Advertisements
Advertisements
I thought I would post to this thread in hopes to get a response from a social worker.
I realize we may be putting the cart before the horse, so to speak, but my husband and I have been checking photolistings regularly since we began our homestudy process (which should be completed any day now). Our caseworker said we are at the point where we should be actively looking to see which children interest us.
There is a sibling group to which we are particularly drawn. This is a group of children from out of state (which is what we are looking for due to the even more crazy that usual process in our state). These children were in the photolistings in the fall but disappeared sometime in November or December. They reappeared on Valentine's Day, but now their profile says that the workers are looking for a family in the state where these children currently reside due to extended family relationships they wish to continue.
We are wondering if there is even a remote chance we could be considered anway. Here is what we think we might have in our favor: my husband grew up in the state and even specific county where these children reside and although his family lived here, they were able to visit often (the drive is only 6 hours) AND we love to travel and would commit to frequent visits there.
I would like to know if you think we would even have a chance at being considered for these children. Would it be worth a shot to have our homestudy submitted when it is completed, and if so, do you think a personal letter from us would help our chances?

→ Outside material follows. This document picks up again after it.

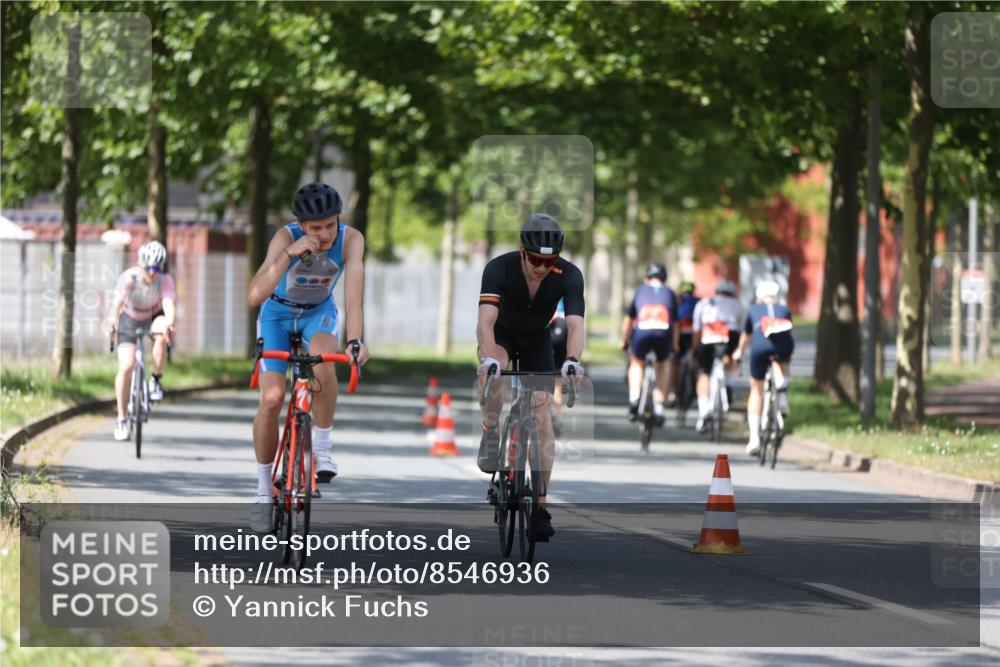 10.08.2025 - GEWOBA Citytriathlon Bremen Yannick Fuchs http://msf.ph/oto/8546936 10.08.2025 13:03:20 Radfahren 633, 651, 693, 727, 748, 898, 945, 954 meine-sportfotos.de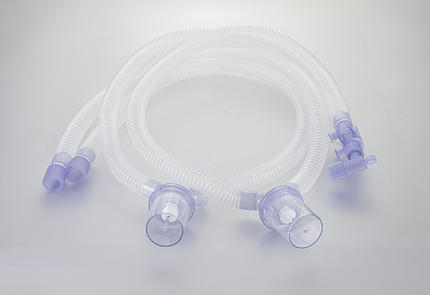 El circuito de respiración corrugado es un tipo de circuito de respiración utilizado en anestesia y cuidados respiratorios.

I welcome any comments or advice anyone has to offer.
Thanks in advance!
Depends on the SW. They probably would only consider you if you were the only family who submitted a homestudy. It is certainly worth trying!
Advertisements
As a CPS worker I say go for it. You never know who might respond. Some may not want to have that level of contact and if it is stated in a letter all the info you provided here I would think it would be taken into consideration.
When I sent in my homestudy for my middle son they were not looking for a single parent because he had just disrupted from a single parent home. Oddly enough all homestudies that they received on him that time were from single parents. SO they picked one!
You never know.
(Not a social worker!) If you don't submit, you have an automatic "no" answer. If you do -- you have the *possibility* of a "yes". Such a good point someone else made, be sure to put in all the info about frequent contact with the area in your life already. You could even say, "Our next visit to family will be on xyz date, would it be possible to meet with someone at that time?" Sort of make the fact that you travel there more real.
(not a social worker either)
What you may do is have your SW contact the children's CW. That is what a couple in our class did. They couldn't get a ton of information because they didn't have all their ducks in a row yet; but they were able to share enough information to feel good about it.
Anyway, so maybe when your sw contacts the cw, she can simply ask, "would you consider a family who lives a few hours away but who has ties in the county the children live in?" Also, you might think of other ways you'd be willing to maintain contact. For example, my hubby worked in KY for 4 months and we used Skype to communicate (in fact, we used Skype for a job interview once!). Letters, calls, emails, pictures, a family website/blog, etc would all be other options to help keep up a relationship. My mom lives about 4 ݽ hours from us but between visits and other communication options, we have a very close relationship and my children have been able to keep up a relationship with her also.
I would definitely TRY.
Thanks. I'm a pretty decent writer, so I compiled a very heartfelt letter to submit when we are qualified to even go that far...can't wait! I am hoping this will at least help us. I have been told I can be quite compelling. ;)
I am just afraid that these kids seem so great that I can't imagine that everyone who sees them would not want them! LOL! One of the children has a birth defect (I HATE that it is referred to as a defect, as if that makes the child defective...ugh!) but that doesn't scare us at all. It seems managable, but maybe that is what has kept these precious kids from being "snatched" up already.
In any case, we are going to give them a shot! Perhaps we will at least be considered as a match for them. Like alys1 said, if we don't try, our answer is automatically no.